Holbox Airstrip (Aeropuerto de Holbox) (DGAC: HOL) is a private airstrip located on Isla Holbox, Quintana Roo, Mexico. It serves air traffic for the town of Holbox, supporting general aviation and air taxi activities. It does not provide scheduled passenger public flights. Charter airline Aerosaab offers private flights from Cancun, Isla Mujeres, Cozumel, and Playa del Carmen. The nearest airport that serves commercial flights is Cancun International Airport.

Situated at an elevation of 5 m above mean sea level, the airport features a single soil runway, designated as 02/20, measuring 660 by 10 m. Adjacent facilities include parking positions for up to 5 light twin-engine aircraft and a small open-air passenger terminal.

==Incidents==
On April 14, 2013, a Cessna 177 aircraft with registration XB-IHT that was preparing to make a flight between Holbox Aerodrome and Mérida International Airport encountered crosswinds during its takeoff run, causing the pilot to lose control of the aircraft and eventually collapsed, causing major damage to the aircraft, however, the pilot and the 3 passengers were uninjured. Before the accident, the DGAC issued recommendations about signaling improvements at the aerodrome with more than one wind cone, in addition to improving pilot training.
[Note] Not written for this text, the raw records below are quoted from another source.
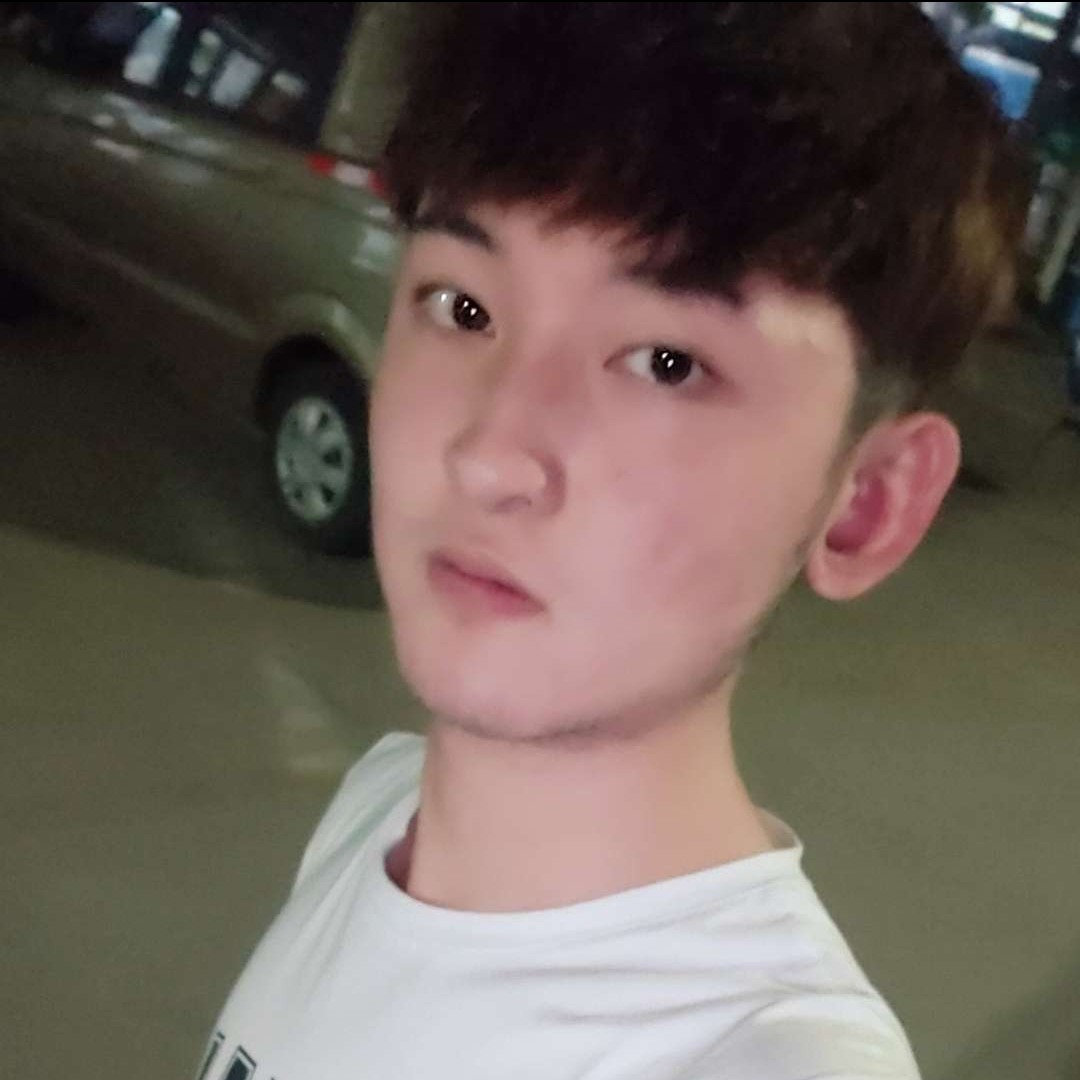 青君朝暮云的照片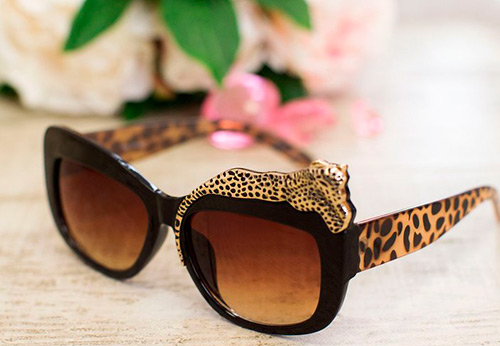 Модные солнцезащитные очки с леопардовым принтом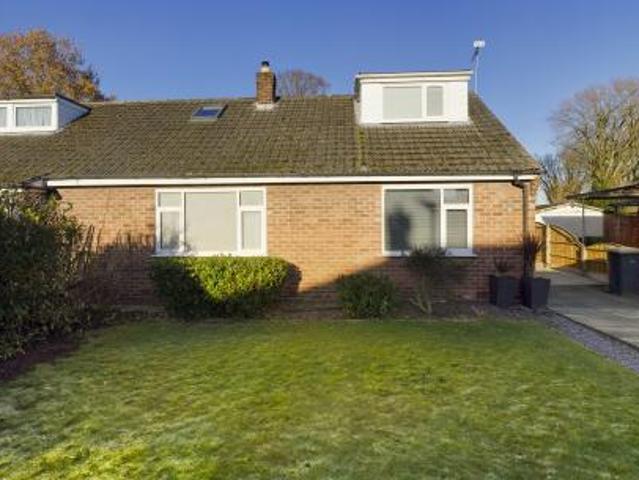 2 bedroom Semi detached house To Let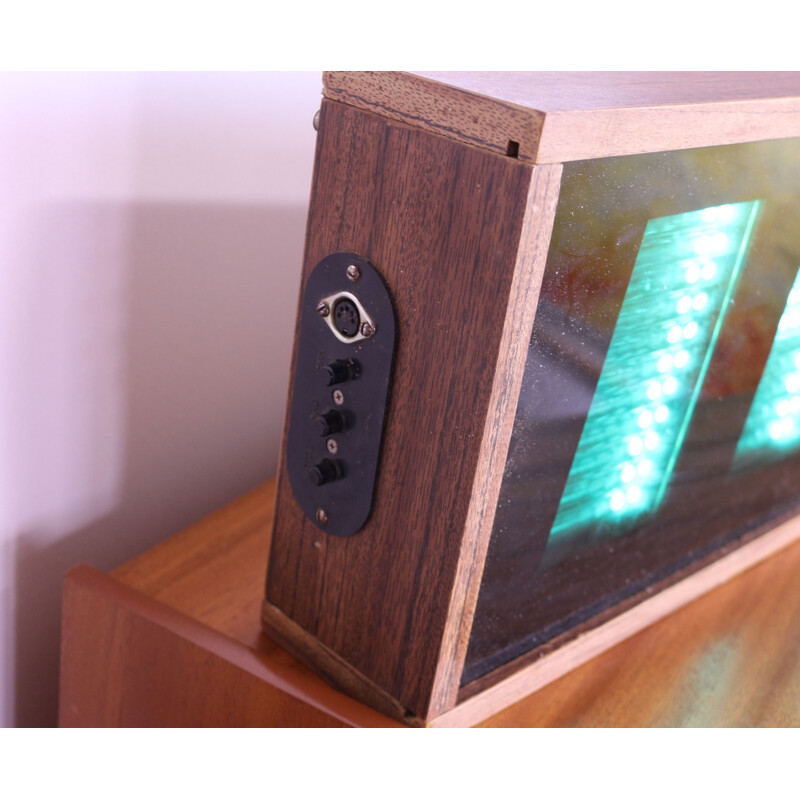 Vintage "Elektronika 7" lamp clock, Ukraine, 1990s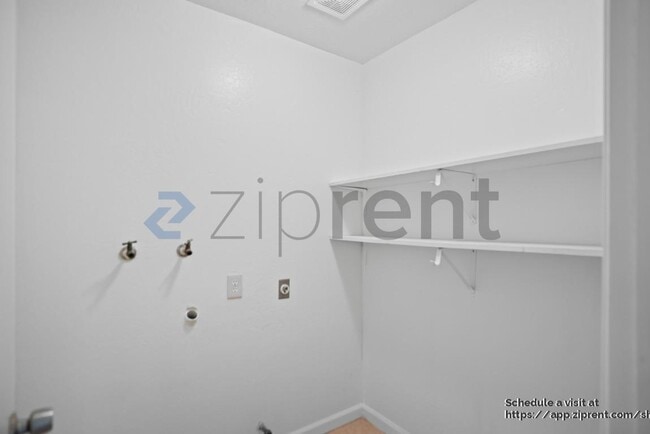 Building Photo - 29213 Dixon St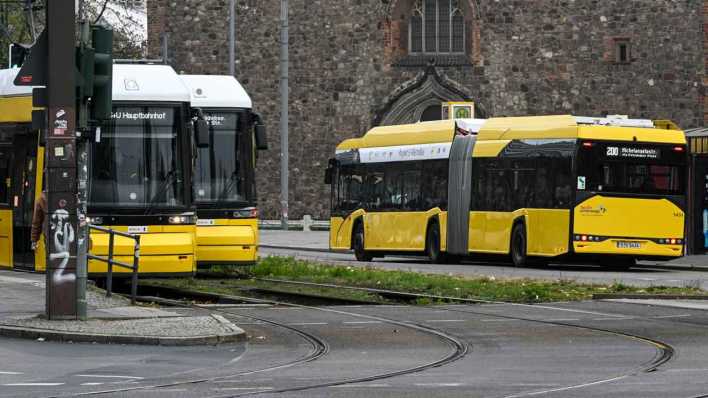 Straßenbahn und Linienbus in Berlin (Bild: picture alliance/dpa/Jens Kalaene)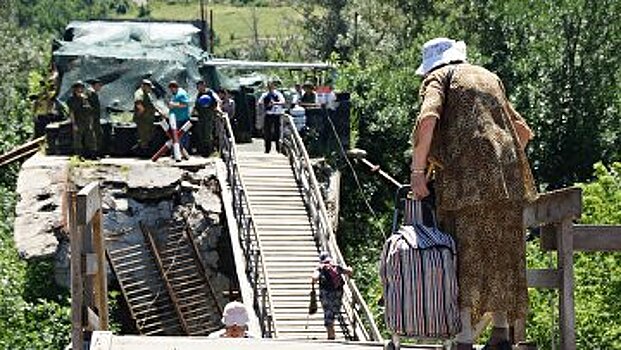 Не получают и двух тысяч: как Украина обрекает своих пенсионеров на жизнь в нищете (Апостроф, Украина)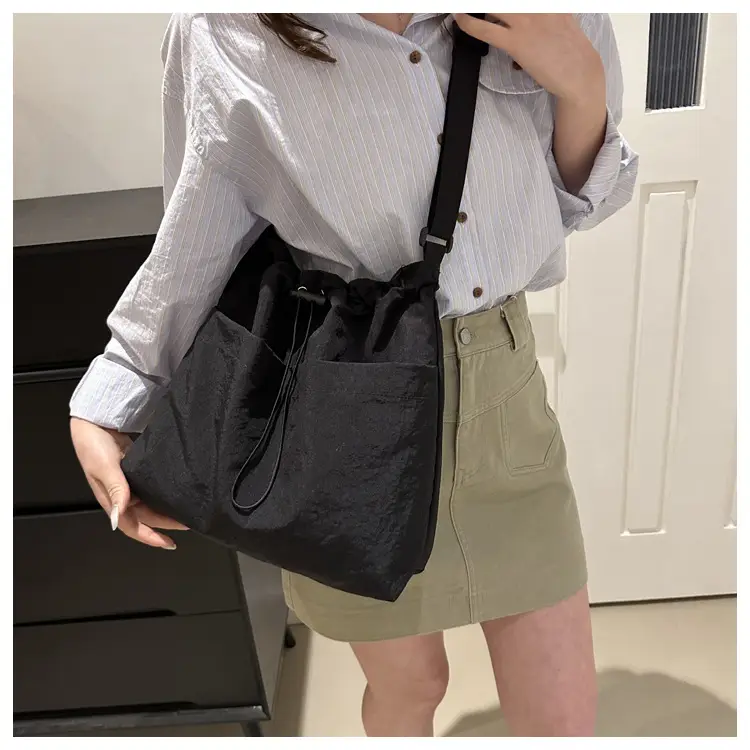 Korean Style Drawstring Shoulder Bag for Women — feature 19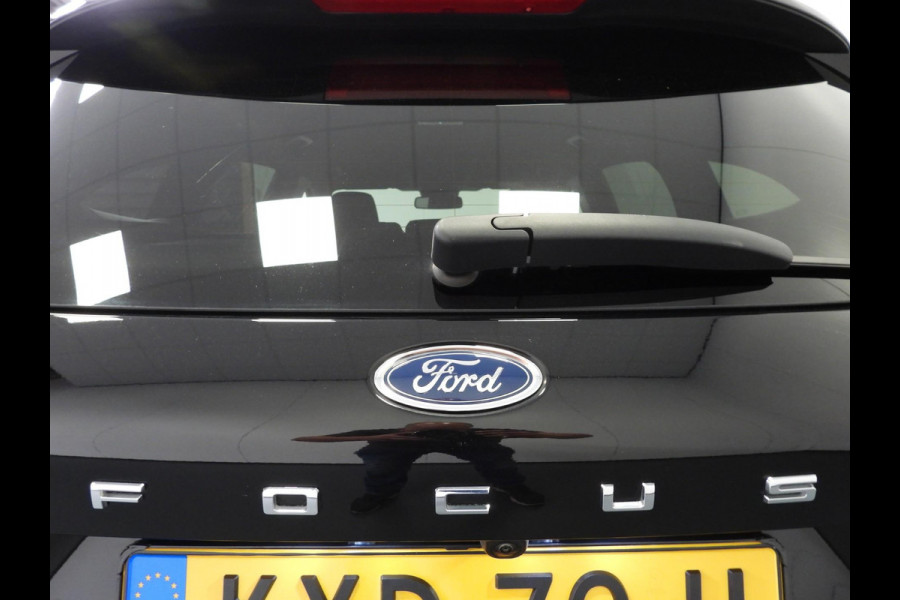 Ford FOCUS Wagon 1.0 EcoBoost Hybrid ST Line NAVI/CAMERA/ADAPT.CRUISE/LED/17"LMV!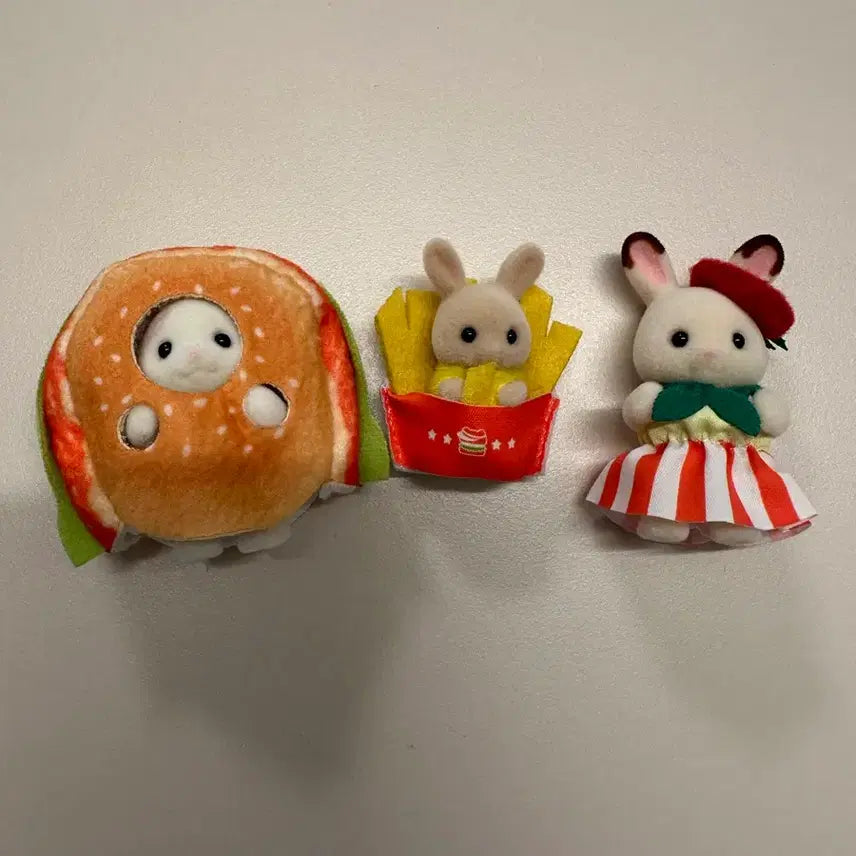 [BUNJANG] Sylvanian Families Blind Bag Hamburger Set - Set of 3 / (오늘할인!)실바니안 블라인드백 햄버거 감튀 토끼 3종 일괄판매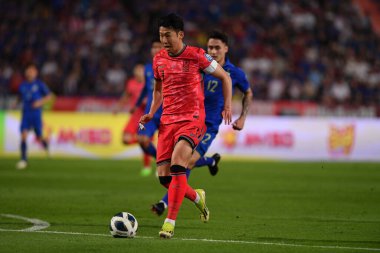 Bangkok, Tayland - 26 Mart 2024 - Tayland 'daki Rajamangkala Stadyumu' nda Tayland ile Güney Kore arasında oynanan Dünya Kupası sırasında Son Heung Min # 7 Güney Kore Oyuncusu.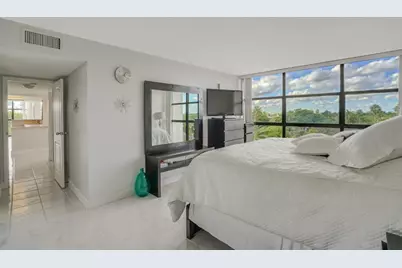 600 Parkview Drive #531, Hallandale Beach, FL 33009 - Photo 21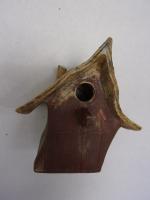 Vogelhuisje nr.3342. "Vierkant puntdak" €.90.-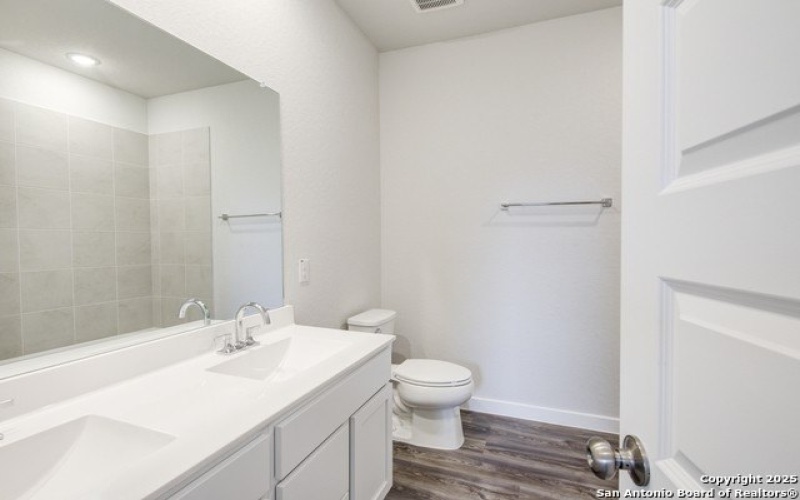 5702 Agate Circle, San Antonio, TX 78222, 4 Habitaciones Habitaciones , ,2 BañosBaños,Residential,En Venta,5702 Agate Circle,1836637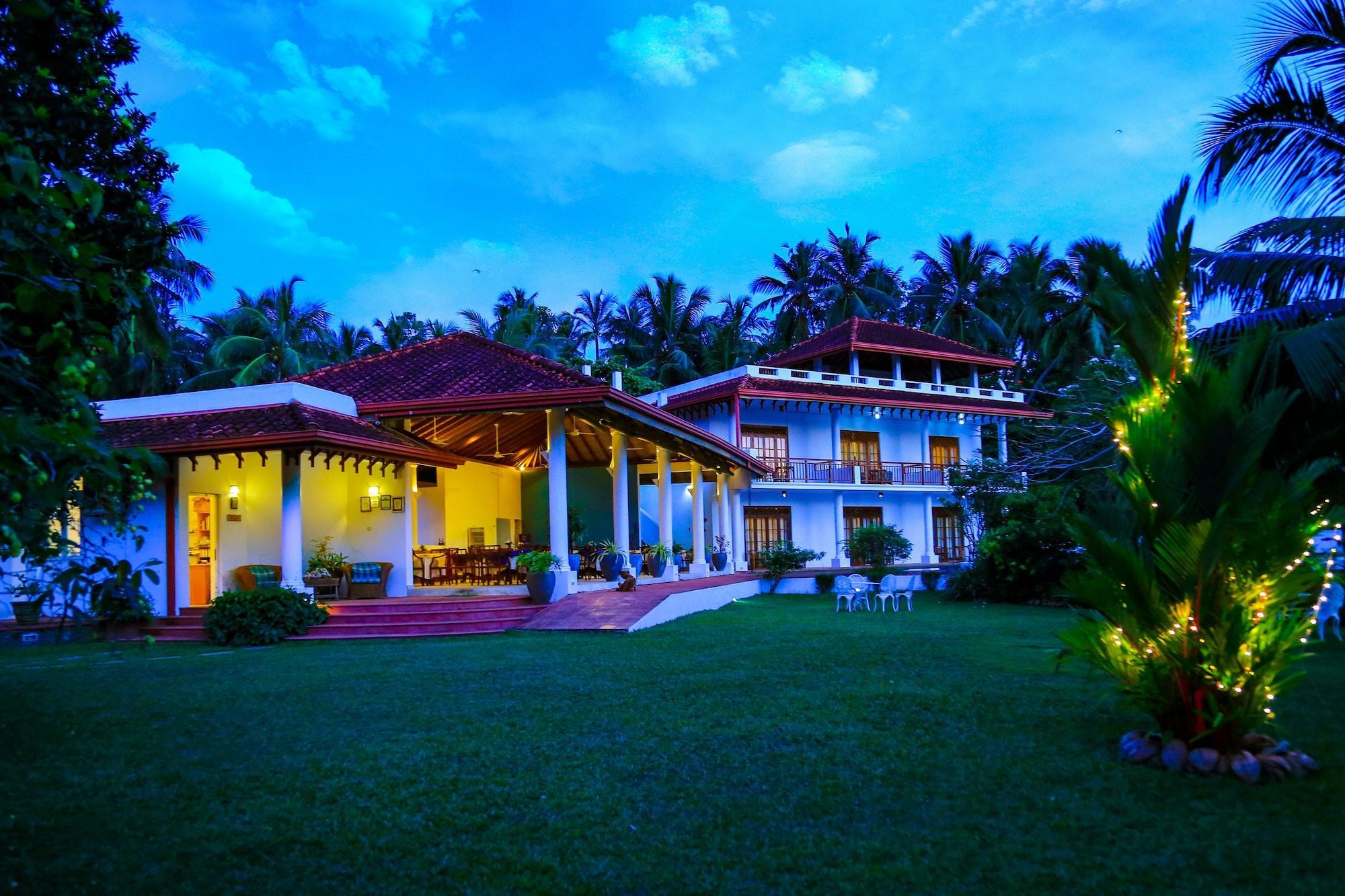 Varios Waterside Bentota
On July 25, 2020, a Cessna 208B Grand Caravan aircraft with registration XA-FTG operated by AX Transporter that was covering a flight between Cancun Airport and Holbox Aerodrome impacted the perimeter fence of a softball field after failing to brake properly at the aerodrome. The 2 crew members and the 5 passengers were uninjured. The aircraft sustained substantial damage.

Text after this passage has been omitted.